Home economics

Think tank: Social Market Foundation

Author(s): Gideon Salutin

March 19, 2024

This report from UK think tank the Social Market Foundation discusses financial policies to increase homeownership.

Homeownership is a dream for millions in countries across the Anglosphere, but rising prices have put that dream out of reach for many households. This Social Market Foundation report – the second in a series on the problem of housing – surveys homeownership challenges and policies in the UK, Australia, New Zealand, Canada and Ireland to understand what has gone wrong and how we might fix it.

The report recommends alternative policies, focusing on the three main obstacles facing first time buyers: deposits, mortgage payments and tax payments. The average deposit demanded for home purchases in the UK has risen from £16,400 in 2007 to £50,051 today. To address this, the UK should learn from Canada’s system of mortgage insurance to allow for cheaper deposits.

Although the burden of monthly mortgage payments declined from 2010 to 2020, British homeowners are more vulnerable than their international peers to interest rate rises. To address this, the UK should allow lenders to offer longer term fixed-rate mortgages by altering affordability requirements and encouraging demand.

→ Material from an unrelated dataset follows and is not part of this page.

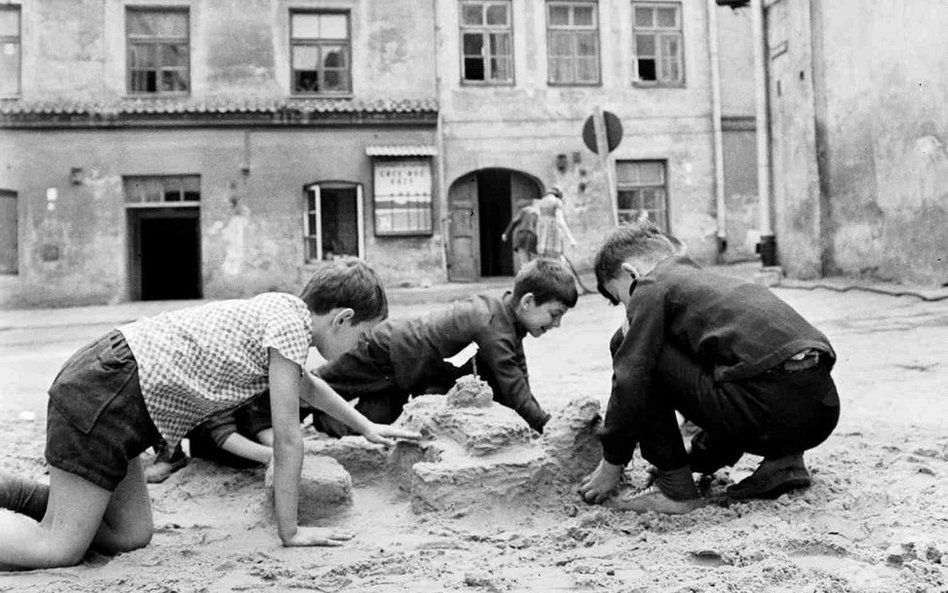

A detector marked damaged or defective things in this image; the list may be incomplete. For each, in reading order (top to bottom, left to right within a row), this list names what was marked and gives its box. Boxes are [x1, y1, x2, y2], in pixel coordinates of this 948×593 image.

The UK has the highest home taxes in the Anglosphere as a proportion of GDP, and the burden as a proportion of income is higher for lower income households. To address this, half of private tenants’ council tax payments should be directed into a home deposit savings account and stamp duty should be abolished. ‘Housing sin taxes’ such as taxes on foreign buyers, vacant homes and house flipping should be introduced to make up the shortfall in revenue.